RAG-Fusion: Enhancing RAG using multiple retrieval strategies
RAG-Fusion: The Future of Information Retrieval
Retrieval-Augmented Generation (RAG) is a powerful technique that enhances the performance of language models by integrating document retrieval into text generation. However, traditional RAG models rely on a single retrieval step, limiting their effectiveness when dealing with diverse or ambiguous queries. RAG-Fusion improves upon this by incorporating multiple retrieval strategies and fusing their results, leading to more comprehensive and accurate responses.
In this blog post, we will explore RAG-Fusion, its advantages over traditional RAG, and how to implement it using Python. We will use the code we’ve developed as a working example throughout the post.
Why RAG-Fusion?
Traditional RAG models work as follows:
- Convert a query into an embedding.
- Retrieve the top N documents from a knowledge base.
- Feed the retrieved documents into a language model to generate an answer.
While effective, this approach has limitations:
- Single retrieval method bias: If the retrieval method fails, the generation suffers.
- Lack of multi-perspective fusion: Queries often require diverse perspectives for better answers.

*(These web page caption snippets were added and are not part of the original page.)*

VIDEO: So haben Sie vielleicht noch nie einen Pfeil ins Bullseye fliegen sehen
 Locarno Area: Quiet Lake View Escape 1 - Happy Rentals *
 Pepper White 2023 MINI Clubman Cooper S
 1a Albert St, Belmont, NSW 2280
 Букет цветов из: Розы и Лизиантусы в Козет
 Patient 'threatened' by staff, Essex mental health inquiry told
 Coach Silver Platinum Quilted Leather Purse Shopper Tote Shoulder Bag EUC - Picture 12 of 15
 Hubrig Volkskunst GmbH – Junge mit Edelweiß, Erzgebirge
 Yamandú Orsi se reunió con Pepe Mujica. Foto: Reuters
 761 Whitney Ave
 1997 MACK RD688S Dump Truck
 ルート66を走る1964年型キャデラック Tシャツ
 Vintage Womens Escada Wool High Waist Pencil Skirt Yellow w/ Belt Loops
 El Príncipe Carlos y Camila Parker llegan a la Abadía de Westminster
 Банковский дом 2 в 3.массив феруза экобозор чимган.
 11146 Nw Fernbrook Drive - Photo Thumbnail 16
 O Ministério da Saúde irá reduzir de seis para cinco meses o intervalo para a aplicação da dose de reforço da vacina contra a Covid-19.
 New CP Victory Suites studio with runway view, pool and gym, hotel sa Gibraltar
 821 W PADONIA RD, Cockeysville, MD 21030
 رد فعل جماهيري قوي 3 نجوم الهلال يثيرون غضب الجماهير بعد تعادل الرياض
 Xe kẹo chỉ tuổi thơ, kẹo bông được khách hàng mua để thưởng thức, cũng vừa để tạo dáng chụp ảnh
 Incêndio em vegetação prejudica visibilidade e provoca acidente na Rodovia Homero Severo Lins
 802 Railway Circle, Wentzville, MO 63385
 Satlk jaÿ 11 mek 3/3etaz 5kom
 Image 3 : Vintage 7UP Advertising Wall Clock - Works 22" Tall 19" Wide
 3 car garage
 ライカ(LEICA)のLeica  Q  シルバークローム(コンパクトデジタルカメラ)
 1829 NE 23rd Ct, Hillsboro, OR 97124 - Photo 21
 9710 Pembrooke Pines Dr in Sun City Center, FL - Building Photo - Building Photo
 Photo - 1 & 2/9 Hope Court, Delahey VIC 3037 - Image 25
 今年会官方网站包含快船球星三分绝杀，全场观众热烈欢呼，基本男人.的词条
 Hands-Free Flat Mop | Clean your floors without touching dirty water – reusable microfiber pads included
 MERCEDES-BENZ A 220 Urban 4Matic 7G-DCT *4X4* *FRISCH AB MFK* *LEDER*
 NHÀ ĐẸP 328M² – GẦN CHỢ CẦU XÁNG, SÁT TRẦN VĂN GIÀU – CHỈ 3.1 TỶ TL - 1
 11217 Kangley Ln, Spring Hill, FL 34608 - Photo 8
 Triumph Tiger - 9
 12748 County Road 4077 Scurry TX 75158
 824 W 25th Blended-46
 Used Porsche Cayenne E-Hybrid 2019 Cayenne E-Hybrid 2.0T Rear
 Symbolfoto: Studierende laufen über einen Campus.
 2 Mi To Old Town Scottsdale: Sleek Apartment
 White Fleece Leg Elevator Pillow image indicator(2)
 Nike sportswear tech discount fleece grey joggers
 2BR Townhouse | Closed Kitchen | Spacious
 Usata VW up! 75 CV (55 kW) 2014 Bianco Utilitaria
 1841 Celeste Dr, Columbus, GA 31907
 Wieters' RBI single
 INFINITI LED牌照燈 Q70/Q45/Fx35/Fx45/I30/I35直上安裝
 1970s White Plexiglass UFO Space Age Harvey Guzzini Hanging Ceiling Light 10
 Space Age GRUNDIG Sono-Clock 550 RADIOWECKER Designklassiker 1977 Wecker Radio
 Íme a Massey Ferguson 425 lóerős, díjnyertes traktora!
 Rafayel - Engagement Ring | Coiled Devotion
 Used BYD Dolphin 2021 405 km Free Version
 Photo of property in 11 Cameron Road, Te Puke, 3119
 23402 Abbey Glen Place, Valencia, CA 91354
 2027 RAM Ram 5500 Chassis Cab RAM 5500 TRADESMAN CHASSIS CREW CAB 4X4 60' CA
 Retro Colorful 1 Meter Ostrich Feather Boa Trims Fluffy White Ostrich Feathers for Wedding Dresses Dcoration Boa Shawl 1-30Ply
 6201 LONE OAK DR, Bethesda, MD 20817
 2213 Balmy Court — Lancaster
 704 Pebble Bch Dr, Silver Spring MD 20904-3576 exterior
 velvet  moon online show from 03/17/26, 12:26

- Fixed retrieval ranking: The system may prioritize suboptimal results.
How RAG-Fusion Solves These Issues
RAG-Fusion overcomes these limitations by:
- Using multiple retrievers (e.g., BM25, FAISS, TF-IDF) for diverse document selection.
- Employing Reciprocal Rank Fusion (RRF) to merge rankings from different retrieval strategies.
- Optimizing retrieval results for multi-stage fusion, ensuring a robust final ranking.
Implementation Overview
We have designed a modular implementation of RAG-Fusion. The core components include:
- Document Extraction & Splitting → Extracts and segments text from PDFs.
- Retrievers → Retrieves relevant documents using BM25, TF-IDF, and FAISS.
- Multi-Stage Fusion → Combines results from multiple retrievers.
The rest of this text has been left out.